Ilean against the sales counter, staring out at the view. I lived in New York City my entire life until very recently. Even though I'm not used to the mountains and desolate landscape, I have to admit it's beautiful.

The North Carolina mountains make for a postcard-worthy image no matter the time of day. It's late in the afternoon and the sun peeks from behind the trees, casting an eerie orange and yellow glow that reflects against the wall of glass.

The back door opens and there's commotion outside. My boss is carrying a box and pushing another with her feet. Everly's wavy dark brown hair falls around her shoulders as she manages to push up her black-framed glasses that are sliding down her nose.

"Here, let me help," I say, heading for Evie. She hands me the box of books and spins around to grab the other off the ground. She shoves it inside and gives me a funny look.

"Aren't you supposed to be over at The Exchange mixer?" she asks, tucking her hair behind her ear. She plants her hands on her hips and frowns. "What's going on, Ana?"

I don't really want to talk about going to one of the meet and greets. I want to actually go even less.

I don't even know what to say. I'm sad. I have been all day. I shrug, kicking the toe of my shoe against the carpet.
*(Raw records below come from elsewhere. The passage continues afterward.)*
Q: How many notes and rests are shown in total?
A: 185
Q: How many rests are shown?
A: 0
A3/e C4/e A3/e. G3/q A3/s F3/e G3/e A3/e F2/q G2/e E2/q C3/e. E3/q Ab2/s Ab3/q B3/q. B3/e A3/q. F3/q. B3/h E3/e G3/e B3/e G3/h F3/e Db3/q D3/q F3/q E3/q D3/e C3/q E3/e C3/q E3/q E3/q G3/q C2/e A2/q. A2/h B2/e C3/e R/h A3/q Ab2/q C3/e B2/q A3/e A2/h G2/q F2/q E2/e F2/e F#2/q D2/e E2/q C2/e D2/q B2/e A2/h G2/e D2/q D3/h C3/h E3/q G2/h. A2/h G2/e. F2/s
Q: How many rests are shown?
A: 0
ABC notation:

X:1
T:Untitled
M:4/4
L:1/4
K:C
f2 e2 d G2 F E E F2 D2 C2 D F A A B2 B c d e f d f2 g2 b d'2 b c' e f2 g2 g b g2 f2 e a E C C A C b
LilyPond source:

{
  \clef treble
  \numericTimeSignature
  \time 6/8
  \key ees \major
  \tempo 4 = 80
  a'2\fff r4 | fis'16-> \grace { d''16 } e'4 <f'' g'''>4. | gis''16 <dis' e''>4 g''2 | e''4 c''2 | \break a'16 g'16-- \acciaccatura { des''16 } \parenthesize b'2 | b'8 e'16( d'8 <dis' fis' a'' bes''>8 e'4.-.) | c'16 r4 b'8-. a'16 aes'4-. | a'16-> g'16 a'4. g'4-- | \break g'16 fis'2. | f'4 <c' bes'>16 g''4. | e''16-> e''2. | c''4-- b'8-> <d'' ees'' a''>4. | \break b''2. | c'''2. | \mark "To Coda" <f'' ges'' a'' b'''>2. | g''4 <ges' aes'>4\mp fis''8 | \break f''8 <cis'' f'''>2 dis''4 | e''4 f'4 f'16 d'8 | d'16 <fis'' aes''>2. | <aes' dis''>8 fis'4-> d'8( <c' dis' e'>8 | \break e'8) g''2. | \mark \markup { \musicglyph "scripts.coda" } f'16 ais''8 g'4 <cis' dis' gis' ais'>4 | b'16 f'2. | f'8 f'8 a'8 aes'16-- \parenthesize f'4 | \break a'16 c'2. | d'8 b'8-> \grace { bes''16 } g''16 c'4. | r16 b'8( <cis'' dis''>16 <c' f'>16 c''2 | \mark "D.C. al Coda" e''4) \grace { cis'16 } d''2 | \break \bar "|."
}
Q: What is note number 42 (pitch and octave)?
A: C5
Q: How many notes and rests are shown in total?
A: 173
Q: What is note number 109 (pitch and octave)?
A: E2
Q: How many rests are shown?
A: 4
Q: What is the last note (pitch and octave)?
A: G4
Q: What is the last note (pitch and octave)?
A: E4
"Anastasia," she says in a tone that means business.

My mind races, but I have no idea how to put what I'm thinking into words. Am I supposed to say I was hopeful Viktor would suddenly decide he can't live without me? No, that's ridiculous.

I refuse to utter those words out loud.

I shake my head. The longer he's gone the faster my hope dwindles. My stomach aches. I pull a hand up, rubbing it over the miserable churning that comes every time I think of Vik.

"Anastasia Androff," Everly snaps.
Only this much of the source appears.